In rejecting Baker's sufficiency of the evidence claim, the Illinois Appellate Court identified the correct legal standard under Jackson, namely, that "the reviewing court views the evidence in a light most favorable to the prosecution and must determine whether any rational trier of fact could have found the essential elements of the crime beyond a reasonable doubt." People v. Collins 106 Ill.2d 237, 261, 87 Ill.Dec. 910, 478 N.E.2d 267 (Ill. 1985) (citing Jackson v. Virginia 443 U.S. 307, 319, 99 S.Ct. 2781, 2789, 61 L.Ed.2d 560, 573 (1979)). The Illinois Appellate Court further reasoned that:
As charged in this case, the State was required to prove, inter alia, that [Baker] intended to deliver the crack cocaine. Intent is typically proved through circumstantial evidence. Factors that can be indicative of intent to deliver include whether the amount of narcotics is too large to be consistent with personal use; the possession of drug paraphernalia, police scanners, weapons, scales, cellular phones, or large amounts of cash; and the manner in which the narcotics are packaged.
While the amount of crack cocaine seized in this case is not by itself inconsistent with personal use, our review of the record reveals no error in the circuit court's finding of intent to deliver. An officer testified that a man named "D" from the residence sold crack cocaine to a police officer. Sykes identified "D" as [Donnie Baker]. The crack cocaine that [Baker] admitted was his was packaged in 18 small plastic bags, which were split between three larger bags.
Kidwell testified that in his experience, the manner of this packaging indicated preparation for sale, and the storage of such an amount by a user was not typical.
The court found Kidwell's testimony credible and implicitly rejected [Baker]'s claim that the crack cocaine was for personal use, and we find no reason to disturb those credibility assessments. The fact that no other materials were found that could potentially be indicative of intent to deliver does not render the court's finding of intent erroneous. Viewing the evidence in the light most favorable to the State, we hold that a rational trier of fact could have found intent to deliver proved beyond a reasonable doubt.

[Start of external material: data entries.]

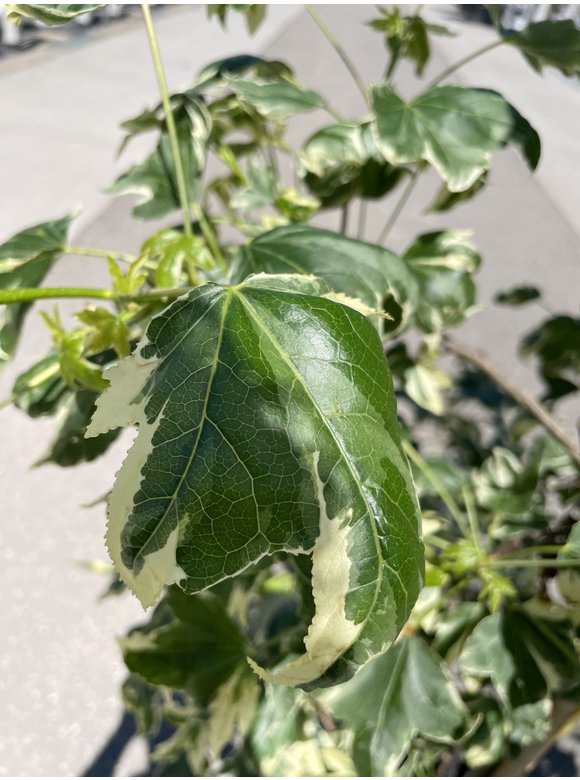 Amerikanischer Amberbaum 'Silver King' | Liquidambar styraciflua 'Silver King' Amerikanischer Amberbaum 'Silver King' | Liquidambar styraciflua 'Silver King'
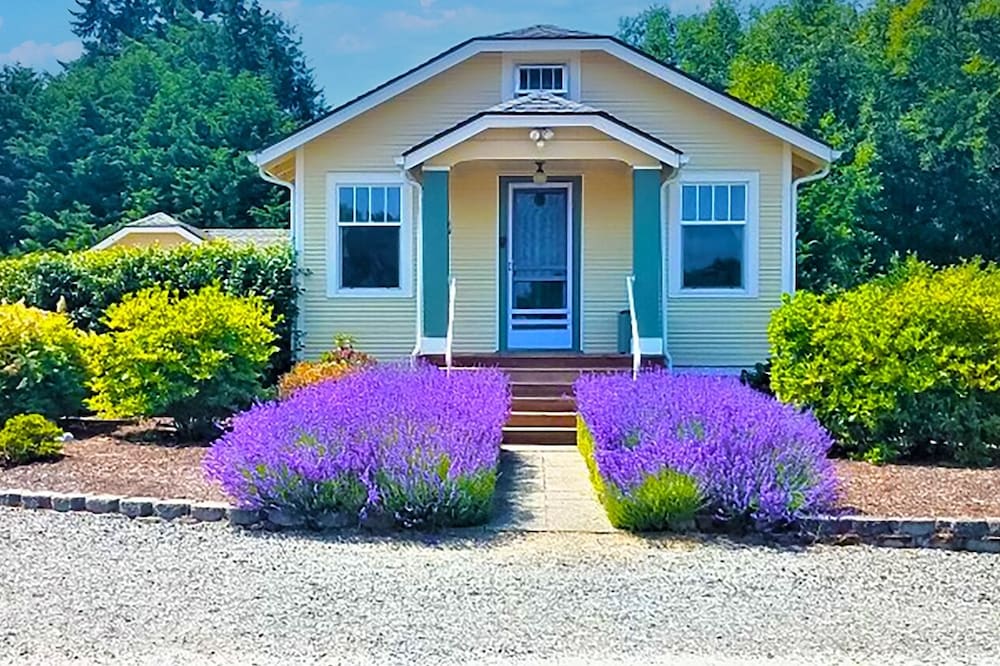 ChienNoir: House on Five Acres, Olympic Mountain Views, Pet Friendly
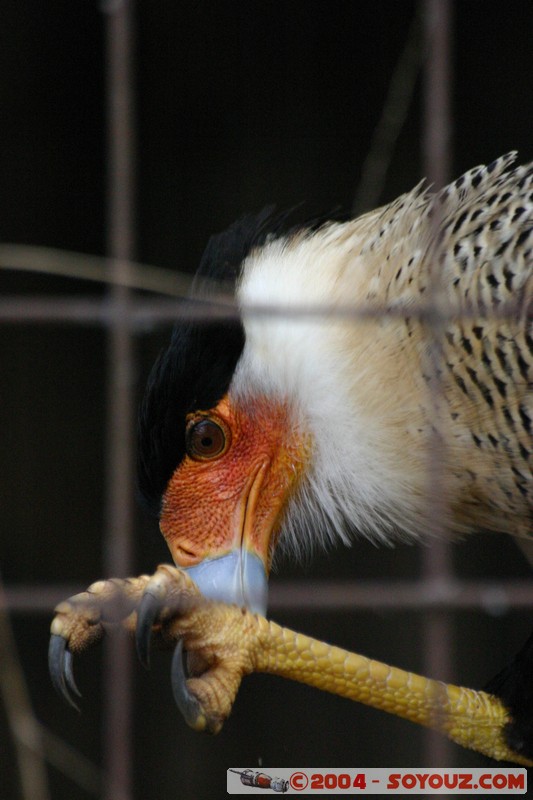 Aguila Andina
Mots-clés: Ecuador animals oiseau Aigle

People v. Baker, No. 3-09-0420, at 3-4 (3d Dist. Apr. 7, 2011) (unpublished) (internal citations omitted).
Applying the appropriate legal rule under Jackson, the Illinois Appellate Court's decision was not "well outside the boundaries of permissible differences of opinion," see Sussman, 636 F.3d at 361, and thus was a reasonable application of Supreme Court law. In particular, the Illinois Appellate Court focused on the element of intent to deliver when analyzing the evidence underlying the Circuit Court's decision, including Officer Kidwell's testimony based on his years of experience in narcotics-based arrests. The appellate court recognized the trial court's credibility determination concerning Officer Kidwell and his testimony that the manner in which the narcotics were packaged indicated that Baker had the intent to sell the crack cocaine. Further, there was evidence in the record that Donnie Baker or "D" had sold crack cocaine to an undercover police officer. The Illinois Appellate Court, viewing the trial evidence in a light most favorable to the prosecution, then concluded that a rational fact finder could have found intent to deliver beyond a reasonable doubt. This conclusion is consistent with the facts and circumstances of this case. See Williams, 561 F.3d at 746. Accordingly, the Illinois Appellate Court's decision did not amount to an unreasonable application of Jackson. The Court therefore denies Baker's habeas claim.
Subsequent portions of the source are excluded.